=== Begin Enclosure ===

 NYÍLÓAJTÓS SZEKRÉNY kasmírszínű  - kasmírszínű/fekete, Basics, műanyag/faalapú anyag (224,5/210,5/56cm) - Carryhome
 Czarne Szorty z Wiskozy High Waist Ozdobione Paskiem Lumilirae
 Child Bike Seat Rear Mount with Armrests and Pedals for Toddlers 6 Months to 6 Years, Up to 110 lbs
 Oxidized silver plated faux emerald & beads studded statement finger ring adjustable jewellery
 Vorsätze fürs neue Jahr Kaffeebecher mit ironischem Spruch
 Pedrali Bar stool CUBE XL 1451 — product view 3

=== End Enclosure ===

▶ **Task to complete**
Each entry above has to be transcribed exactly as it appears.

▶ **Response to the task**
 NYÍLÓAJTÓS SZEKRÉNY kasmírszínű  - kasmírszínű/fekete, Basics, műanyag/faalapú anyag (224,5/210,5/56cm) - Carryhome
 Czarne Szorty z Wiskozy High Waist Ozdobione Paskiem Lumilirae
 Child Bike Seat Rear Mount with Armrests and Pedals for Toddlers 6 Months to 6 Years, Up to 110 lbs
 Oxidized silver plated faux emerald & beads studded statement finger ring adjustable jewellery
 Vorsätze fürs neue Jahr Kaffeebecher mit ironischem Spruch
 Pedrali Bar stool CUBE XL 1451 — product view 3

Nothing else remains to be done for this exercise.